-- Problem --
Go through the records below from the first line and print each one exactly, stopping after the line that contains "Broșă din aliaj, motiv". Do not print pictures or anything past that line.

Stored records
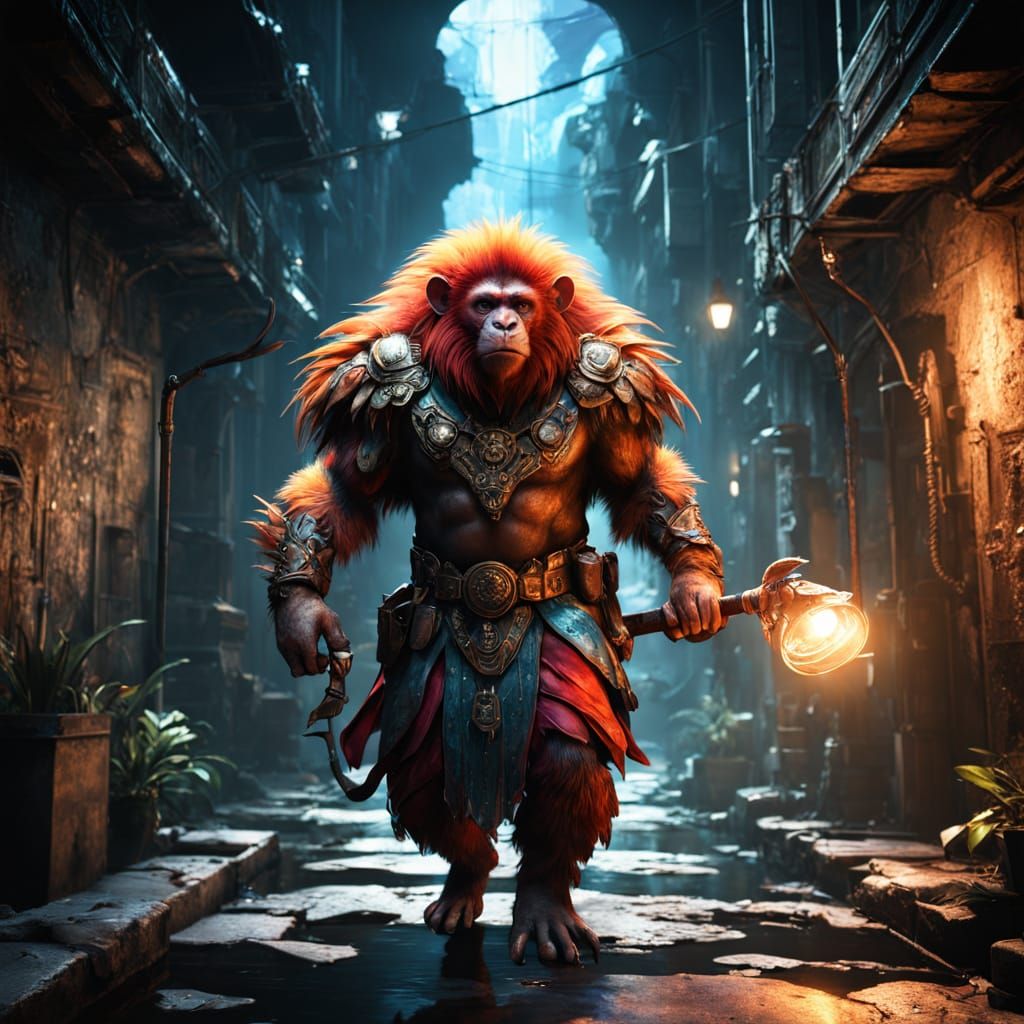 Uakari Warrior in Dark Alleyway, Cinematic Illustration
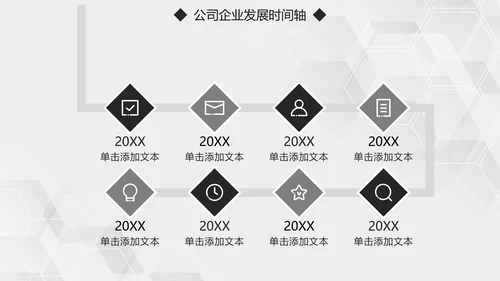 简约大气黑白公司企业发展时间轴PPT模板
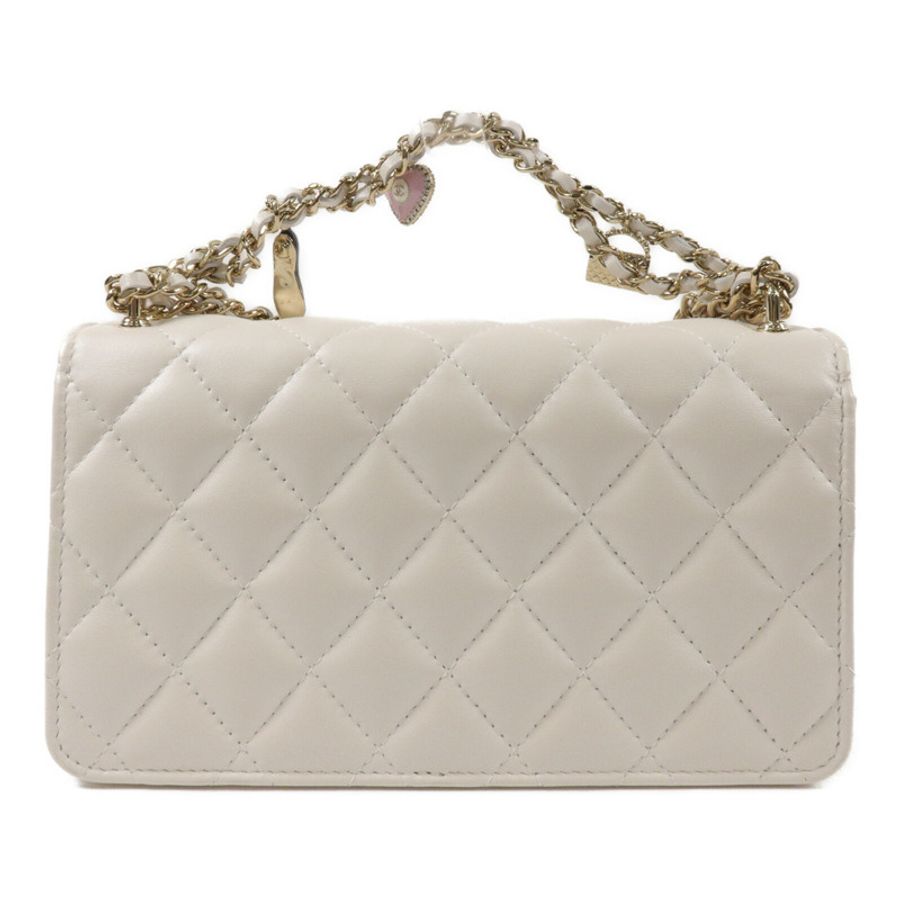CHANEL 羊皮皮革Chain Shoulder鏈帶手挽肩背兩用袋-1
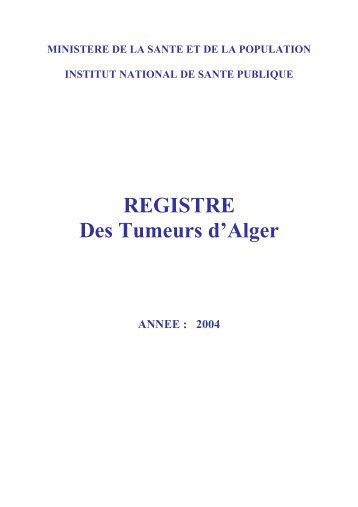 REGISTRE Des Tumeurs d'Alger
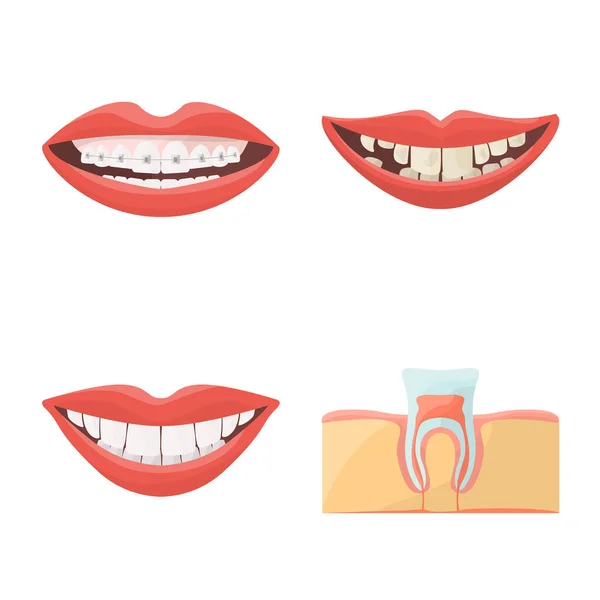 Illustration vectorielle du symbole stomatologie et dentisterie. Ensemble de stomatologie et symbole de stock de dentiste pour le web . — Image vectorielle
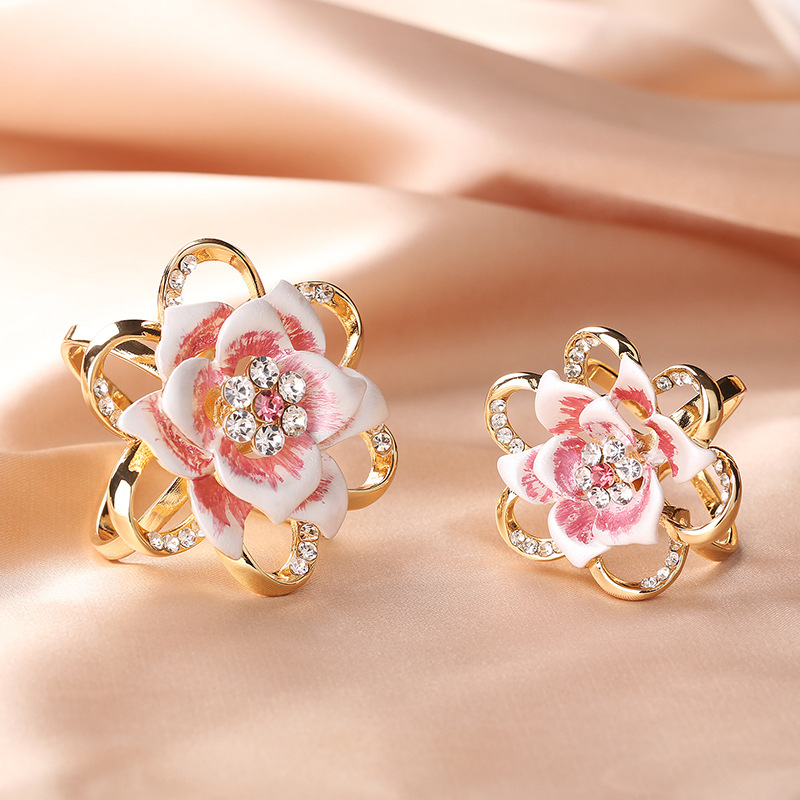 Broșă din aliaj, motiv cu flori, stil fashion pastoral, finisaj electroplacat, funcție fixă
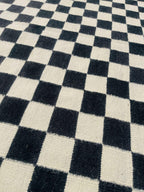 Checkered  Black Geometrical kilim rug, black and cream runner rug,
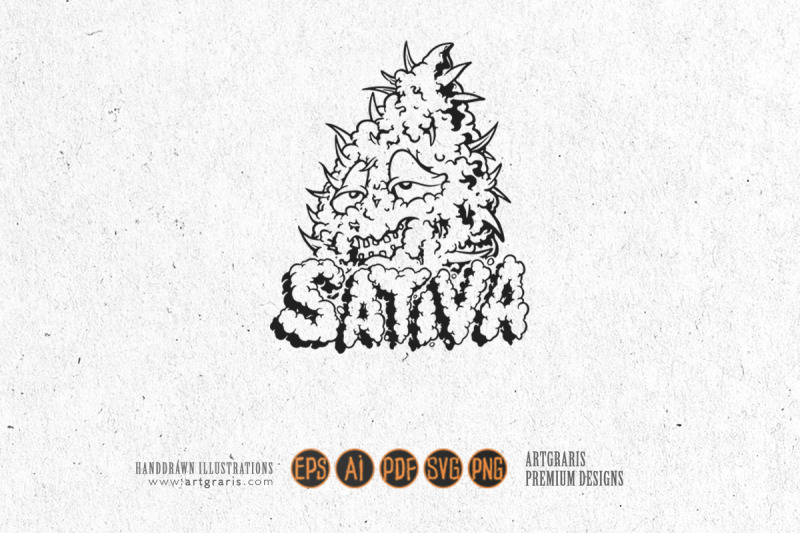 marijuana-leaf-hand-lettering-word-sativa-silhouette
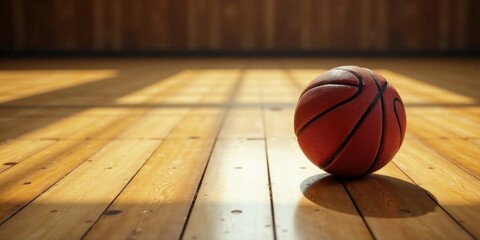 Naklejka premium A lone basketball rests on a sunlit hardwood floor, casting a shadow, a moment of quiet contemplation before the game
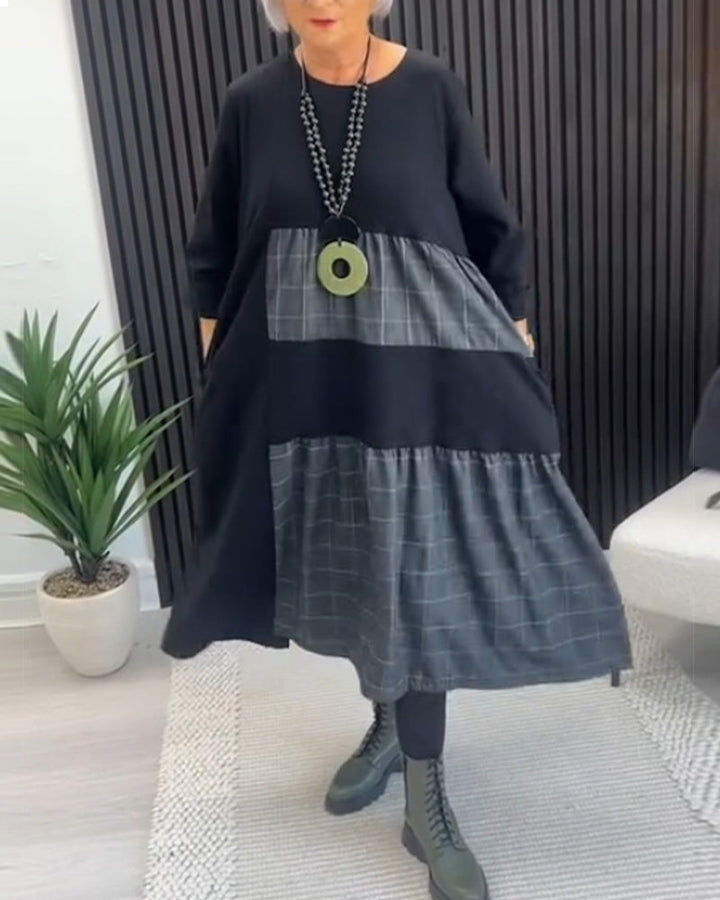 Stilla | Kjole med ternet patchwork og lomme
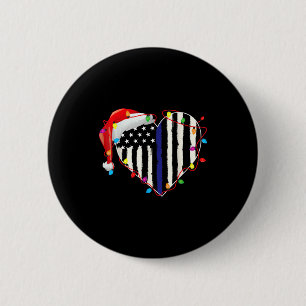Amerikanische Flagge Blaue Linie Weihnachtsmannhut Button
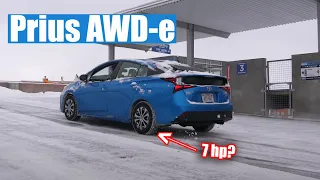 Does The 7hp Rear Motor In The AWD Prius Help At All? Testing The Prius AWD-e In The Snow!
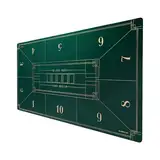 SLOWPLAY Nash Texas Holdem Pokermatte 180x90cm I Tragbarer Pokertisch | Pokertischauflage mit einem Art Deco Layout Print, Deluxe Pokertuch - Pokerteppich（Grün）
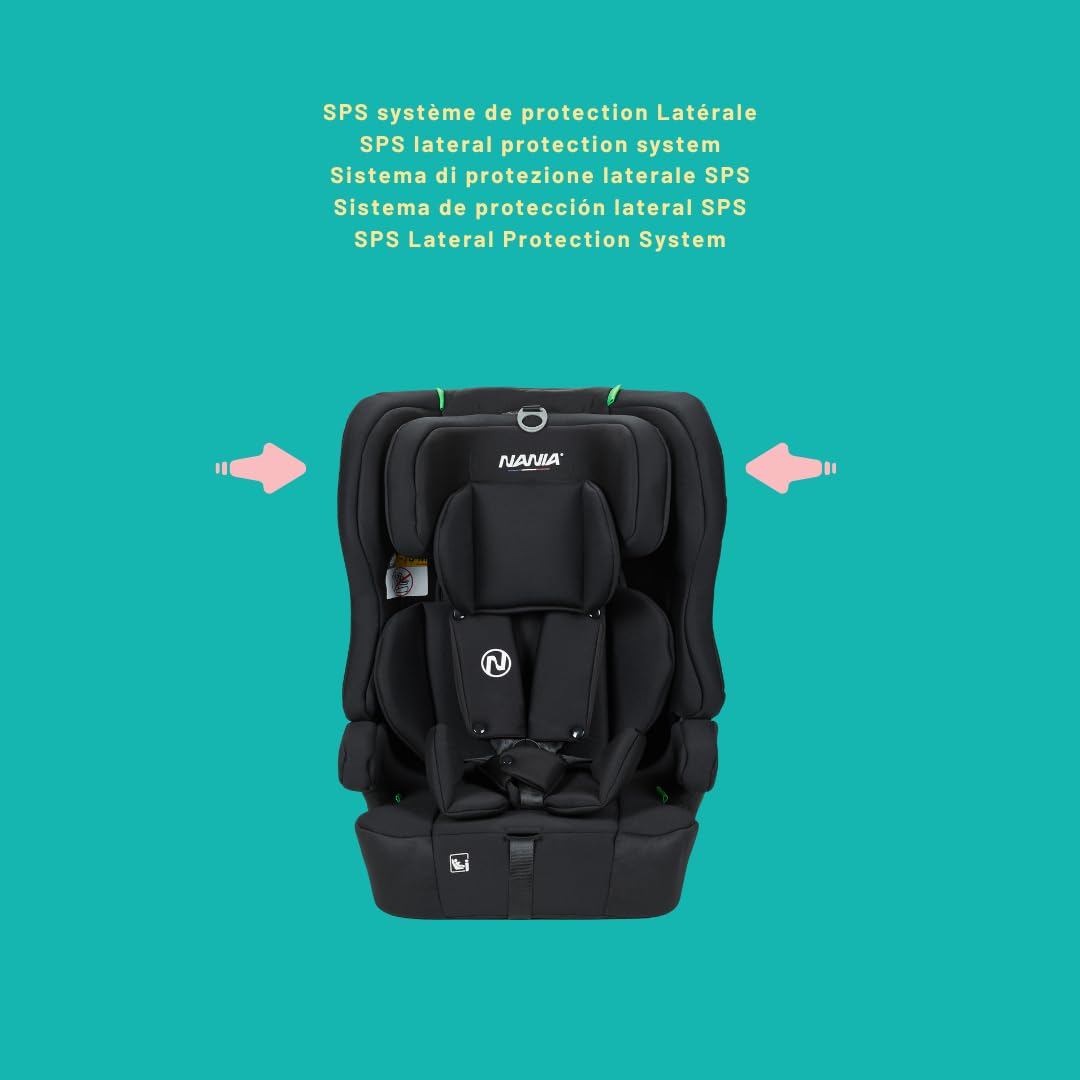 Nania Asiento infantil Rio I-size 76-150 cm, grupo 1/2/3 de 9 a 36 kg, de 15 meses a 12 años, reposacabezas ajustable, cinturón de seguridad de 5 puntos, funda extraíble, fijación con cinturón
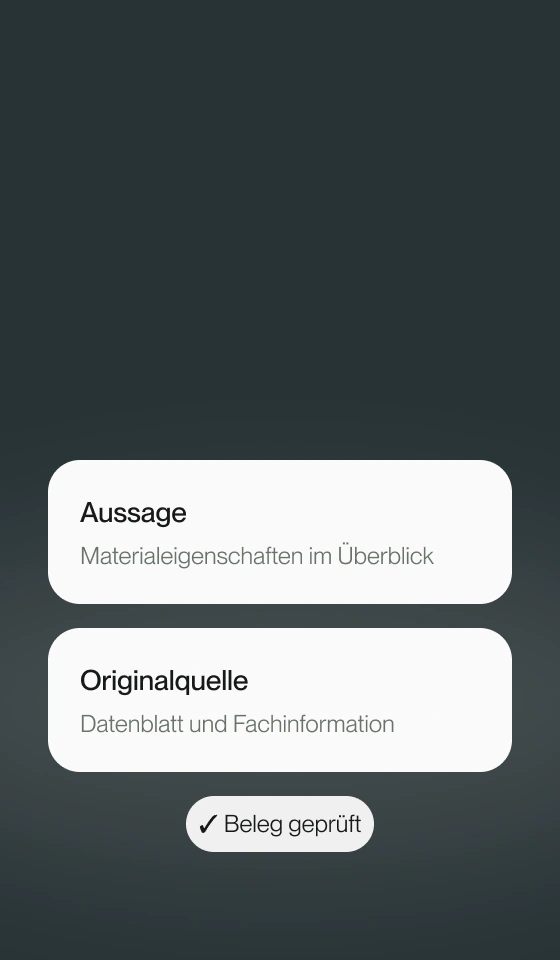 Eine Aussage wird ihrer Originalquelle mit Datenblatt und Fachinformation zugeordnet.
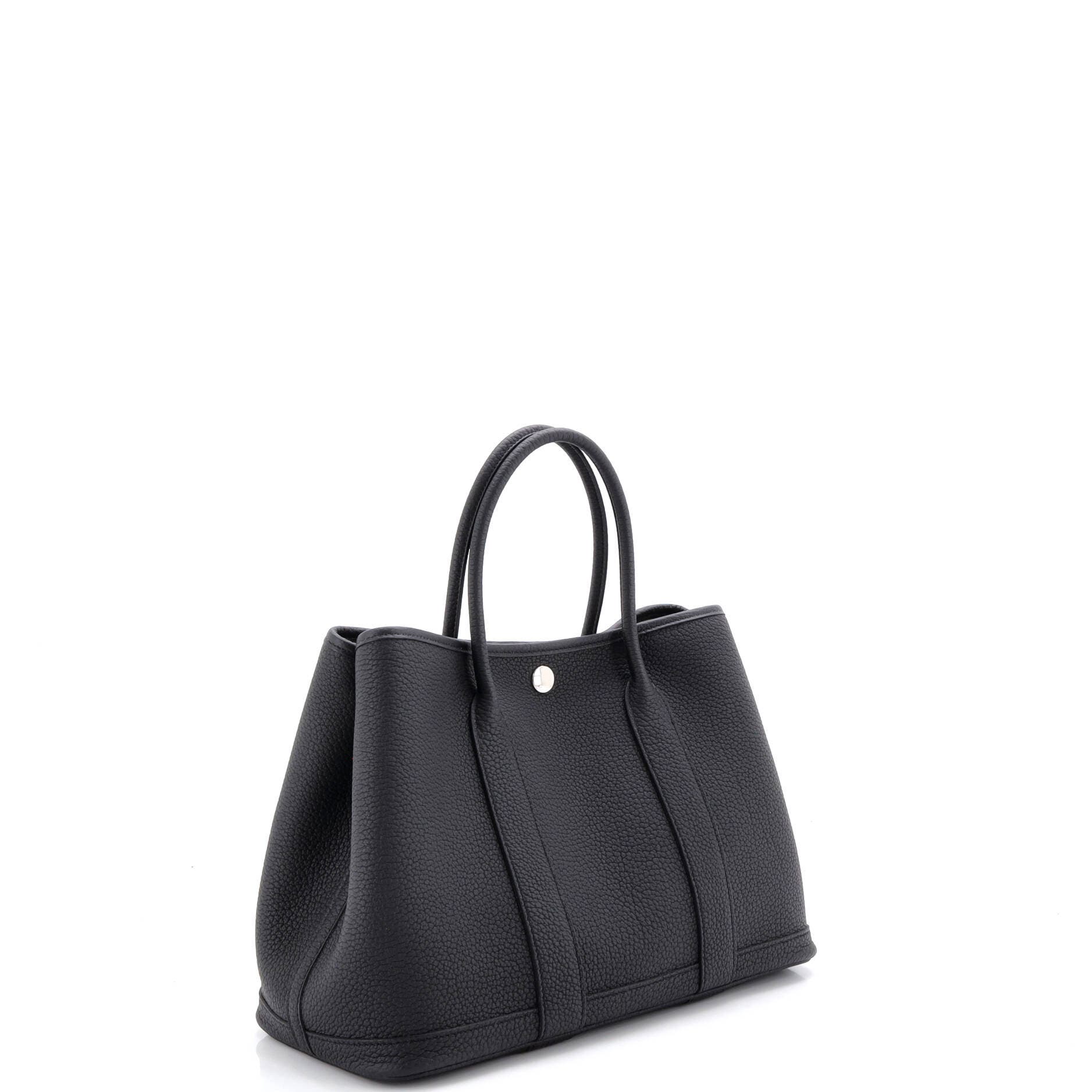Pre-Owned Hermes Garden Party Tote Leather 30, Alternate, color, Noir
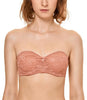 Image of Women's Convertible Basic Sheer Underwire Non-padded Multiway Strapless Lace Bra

-- Result for this exercise --
 Uakari Warrior in Dark Alleyway, Cinematic Illustration
 简约大气黑白公司企业发展时间轴PPT模板
CHANEL 羊皮皮革Chain Shoulder鏈帶手挽肩背兩用袋-1
 REGISTRE Des Tumeurs d'Alger
 Illustration vectorielle du symbole stomatologie et dentisterie. Ensemble de stomatologie et symbole de stock de dentiste pour le web . — Image vectorielle
 Broșă din aliaj, motiv cu flori, stil fashion pastoral, finisaj electroplacat, funcție fixă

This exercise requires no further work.